+++ SUPPLIED ENTRIES
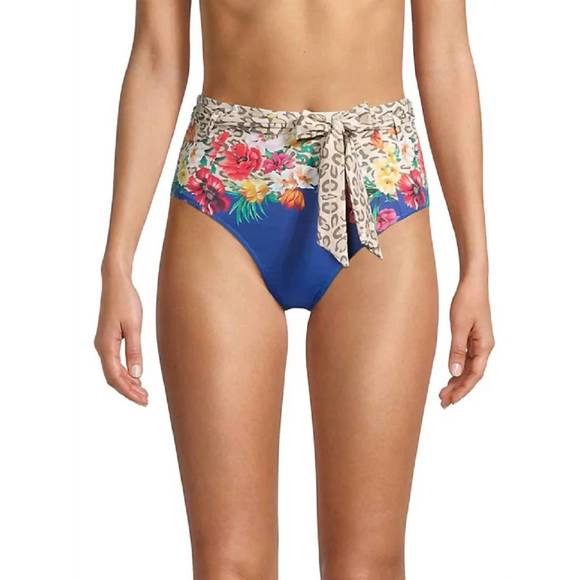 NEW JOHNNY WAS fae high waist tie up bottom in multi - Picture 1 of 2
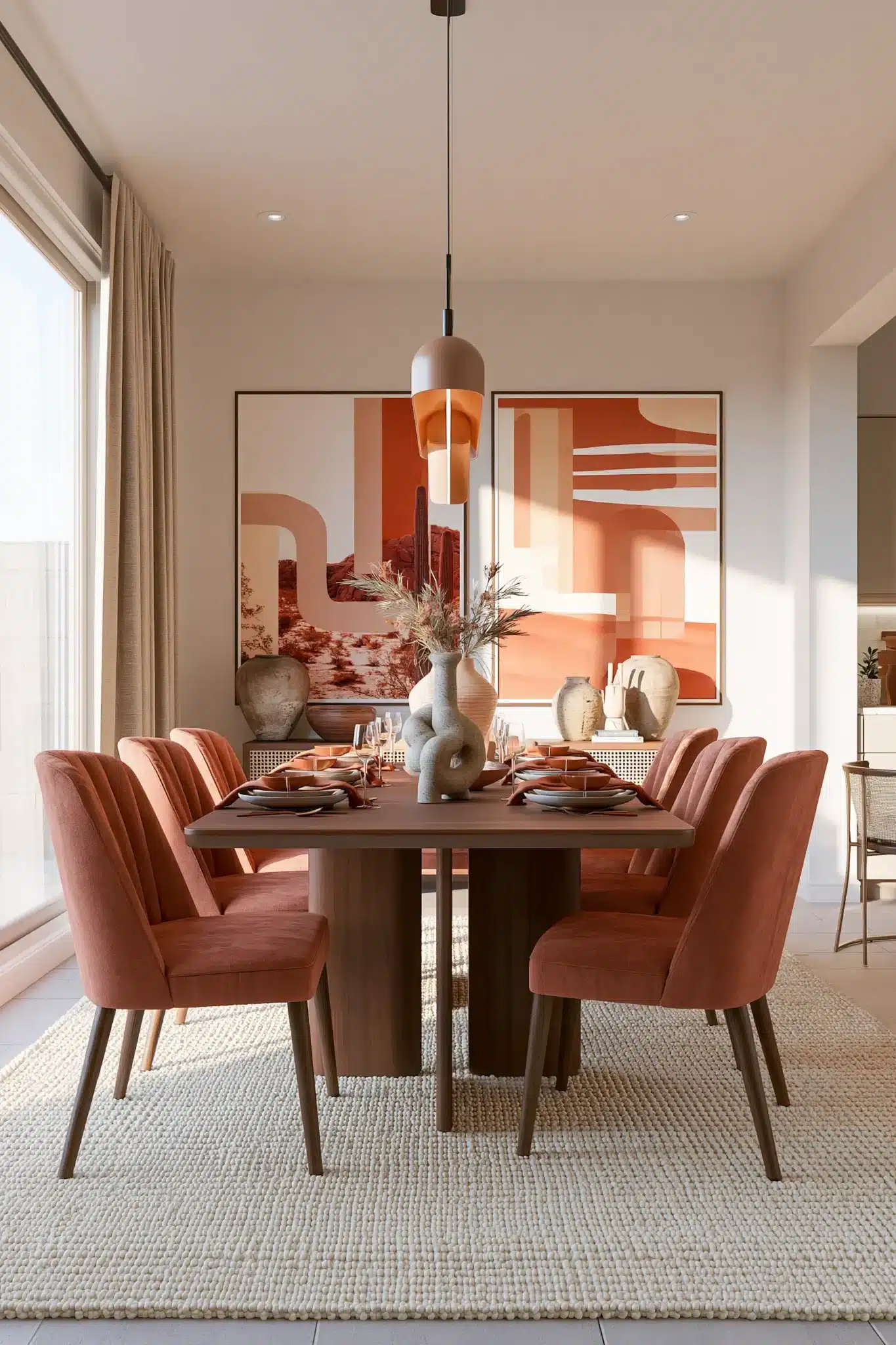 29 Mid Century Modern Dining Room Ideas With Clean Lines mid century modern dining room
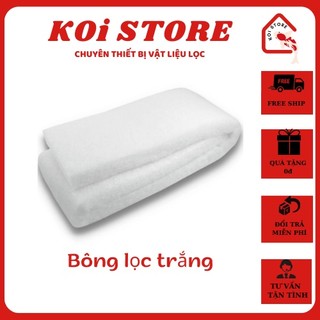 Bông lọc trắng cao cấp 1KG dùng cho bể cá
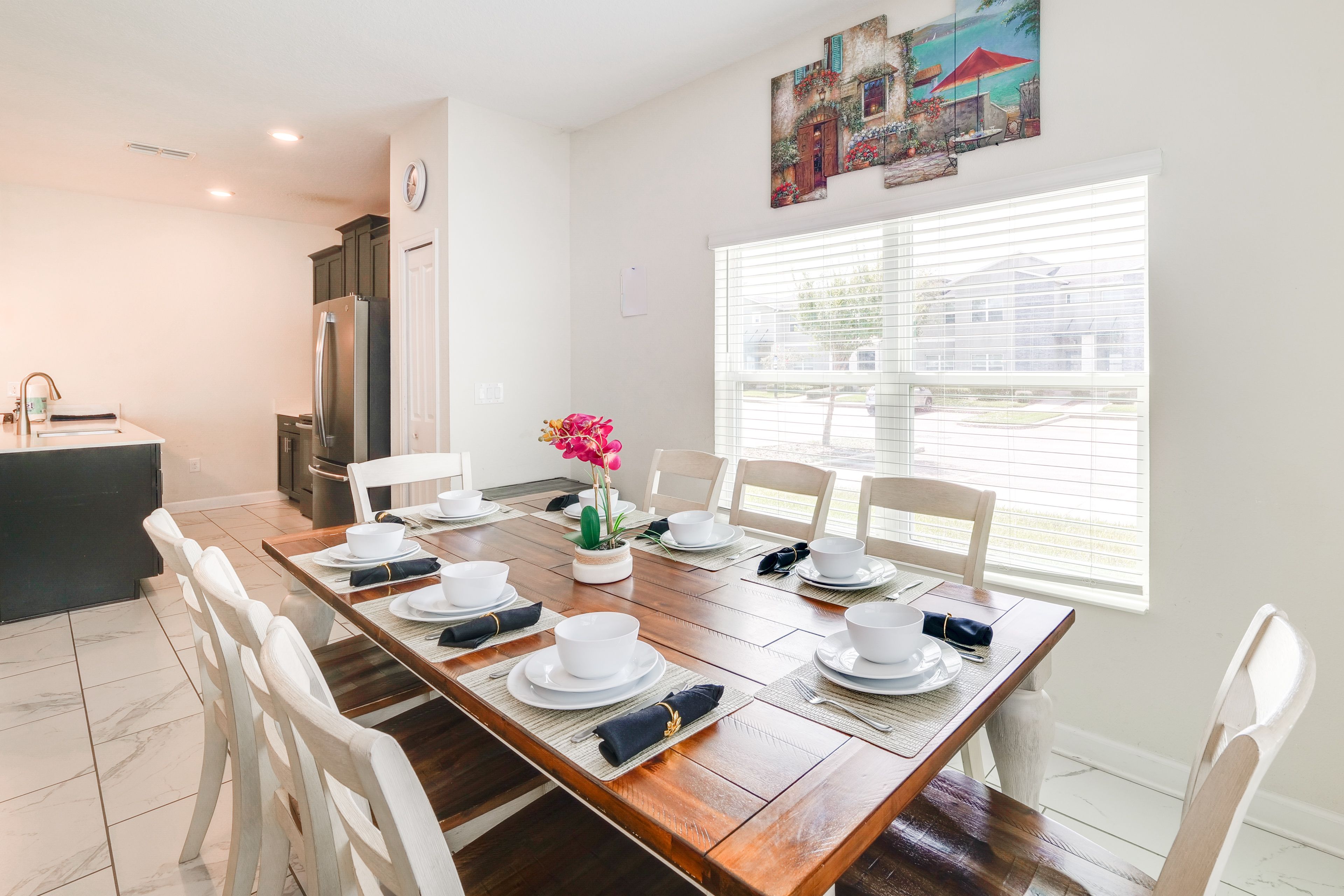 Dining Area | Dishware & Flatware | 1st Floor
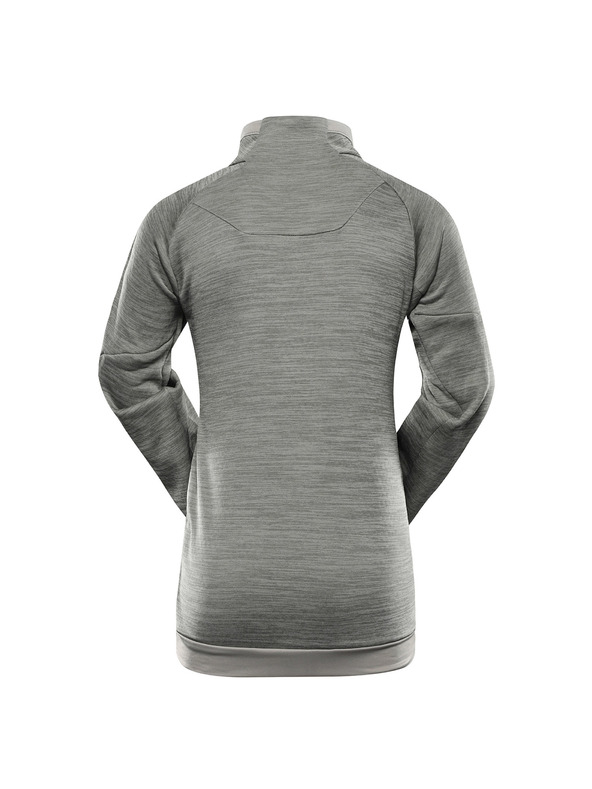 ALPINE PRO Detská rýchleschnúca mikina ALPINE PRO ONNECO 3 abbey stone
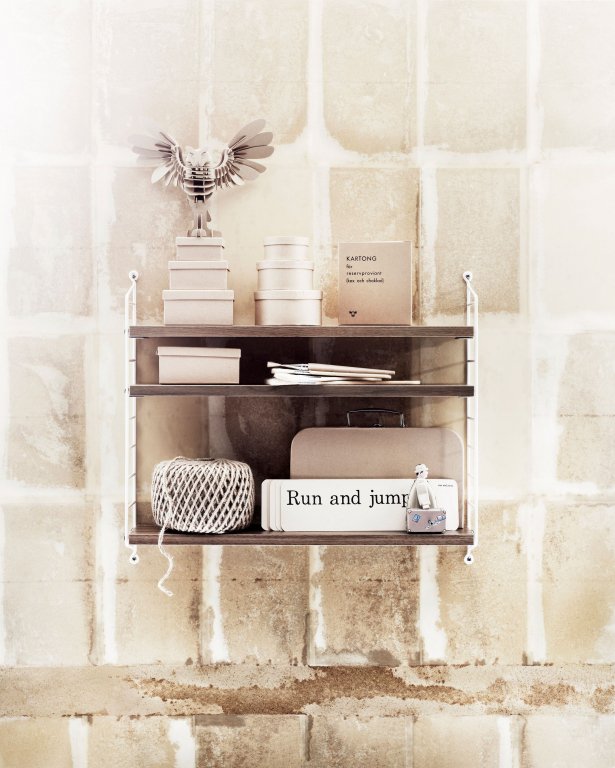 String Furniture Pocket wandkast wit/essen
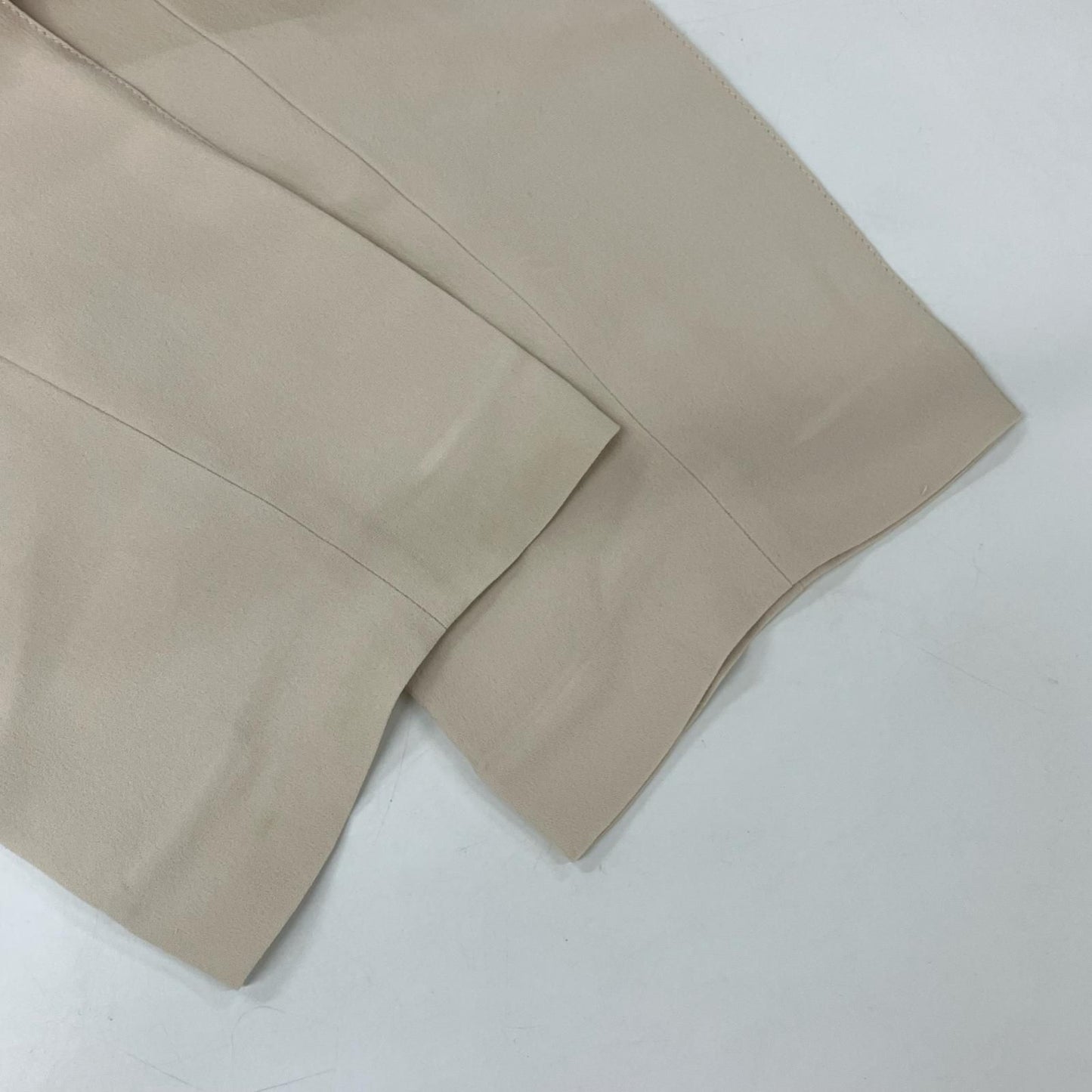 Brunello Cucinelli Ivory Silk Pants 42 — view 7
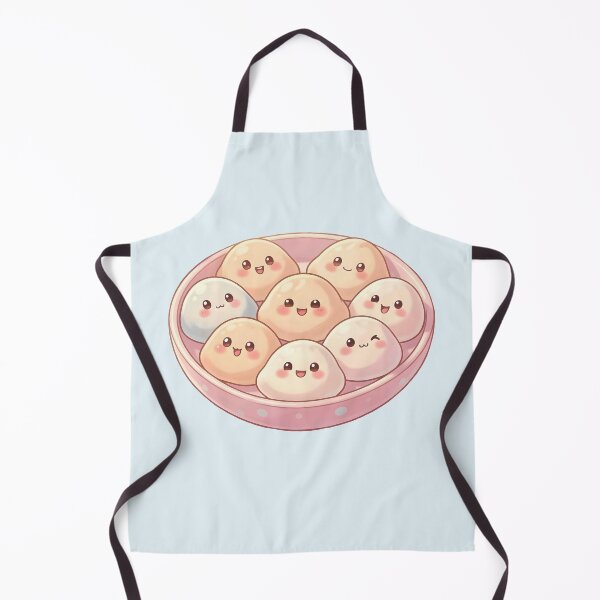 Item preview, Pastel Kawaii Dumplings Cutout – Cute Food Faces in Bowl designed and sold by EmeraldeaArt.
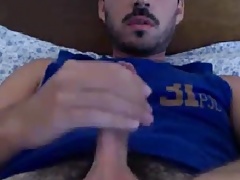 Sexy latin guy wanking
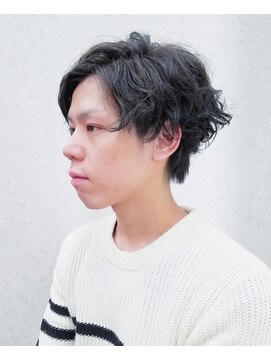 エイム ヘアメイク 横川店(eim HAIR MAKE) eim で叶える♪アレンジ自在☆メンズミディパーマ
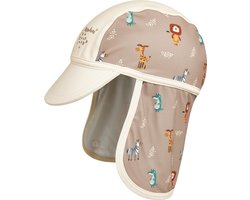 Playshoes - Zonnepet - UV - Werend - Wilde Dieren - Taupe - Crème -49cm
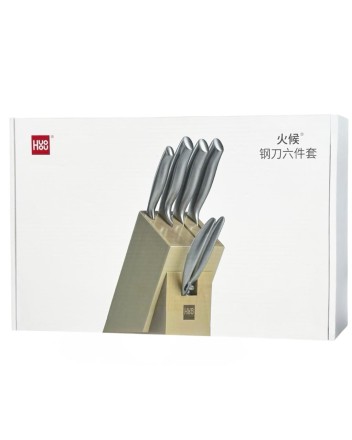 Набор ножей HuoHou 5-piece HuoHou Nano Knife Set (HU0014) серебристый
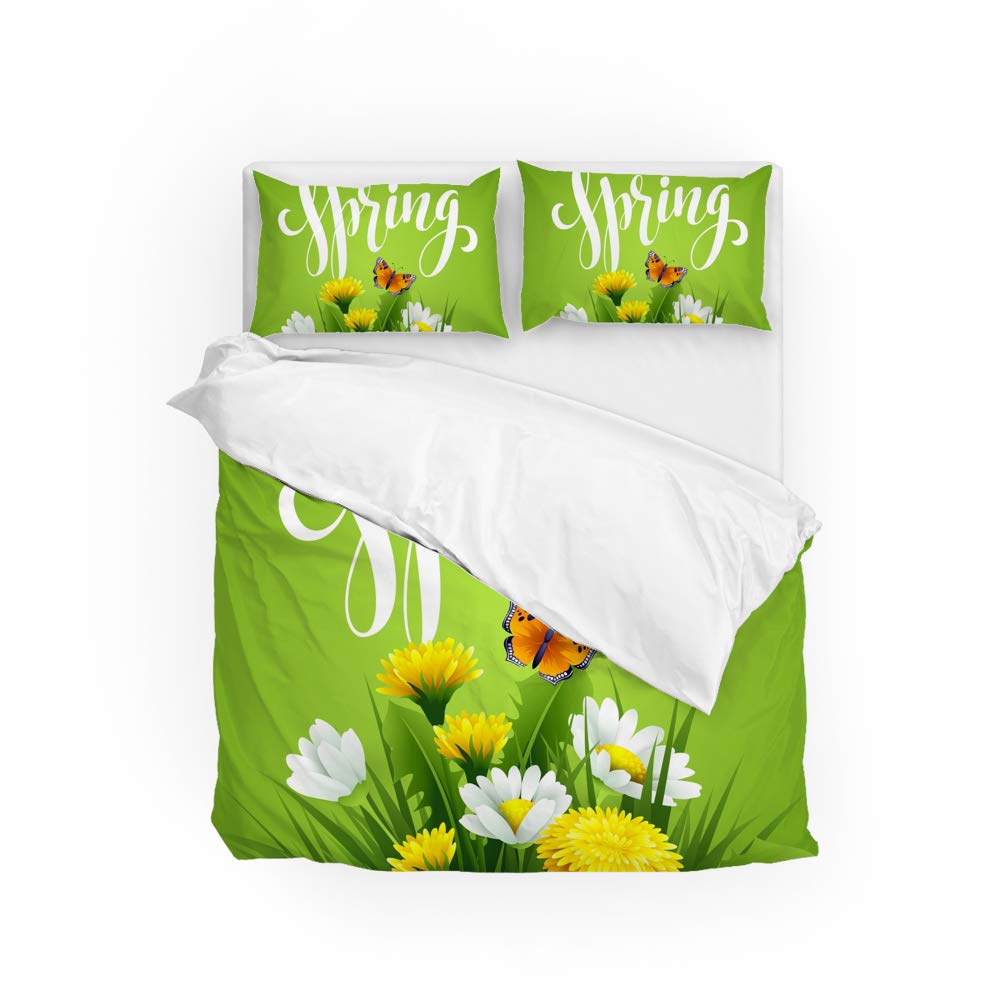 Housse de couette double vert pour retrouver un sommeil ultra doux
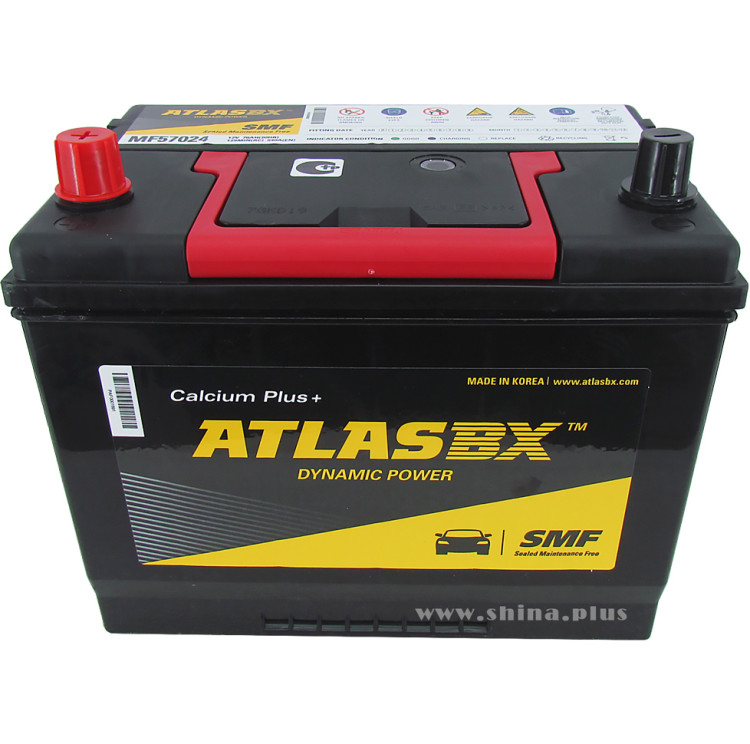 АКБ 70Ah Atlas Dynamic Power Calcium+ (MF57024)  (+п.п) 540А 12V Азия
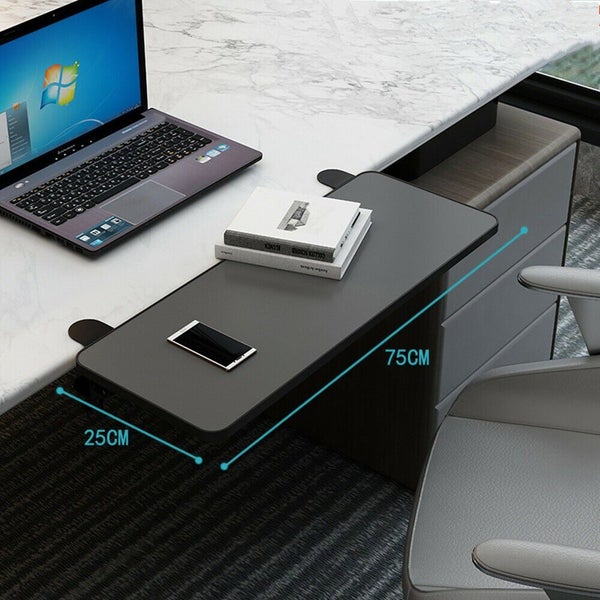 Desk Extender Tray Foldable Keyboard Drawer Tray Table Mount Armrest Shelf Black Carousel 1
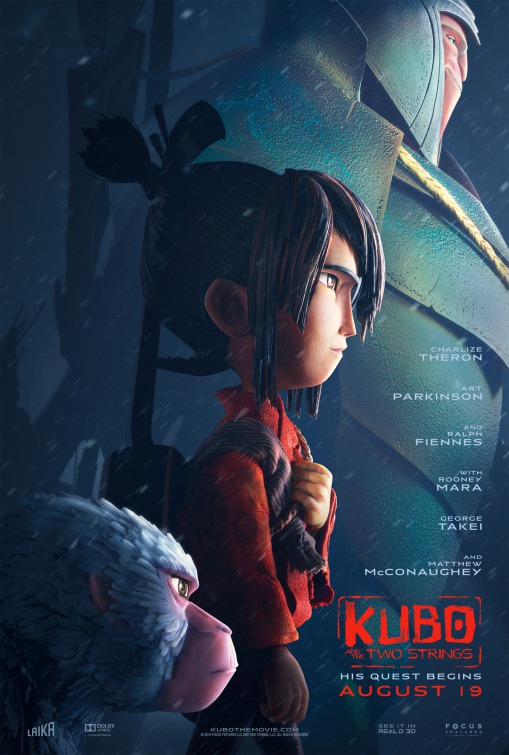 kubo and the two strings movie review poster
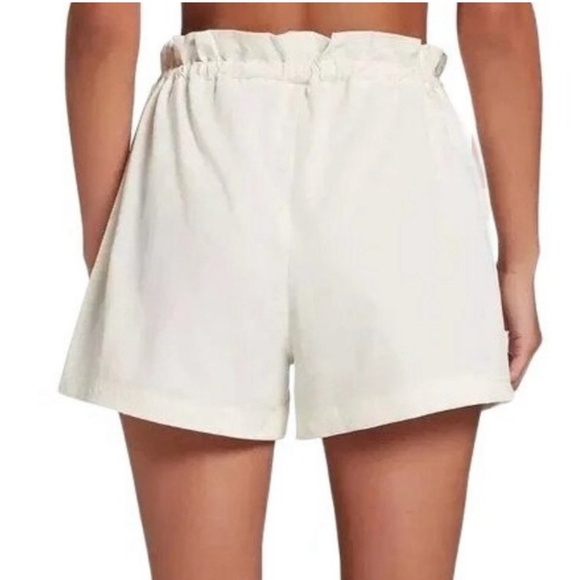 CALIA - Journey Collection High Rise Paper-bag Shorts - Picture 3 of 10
++++++
** ASSIGNMENT **
Here the lines from the one with "エイム ヘアメイク 横川店(eim" through the last line of the data above need to be repeated exactly, both included, and any picture omitted.

** ANSWER BOX **
 エイム ヘアメイク 横川店(eim HAIR MAKE) eim で叶える♪アレンジ自在☆メンズミディパーマ
 Playshoes - Zonnepet - UV - Werend - Wilde Dieren - Taupe - Crème -49cm
 Набор ножей HuoHou 5-piece HuoHou Nano Knife Set (HU0014) серебристый
 Housse de couette double vert pour retrouver un sommeil ultra doux
 АКБ 70Ah Atlas Dynamic Power Calcium+ (MF57024)  (+п.п) 540А 12V Азия
 Desk Extender Tray Foldable Keyboard Drawer Tray Table Mount Armrest Shelf Black Carousel 1
 kubo and the two strings movie review poster
 CALIA - Journey Collection High Rise Paper-bag Shorts - Picture 3 of 10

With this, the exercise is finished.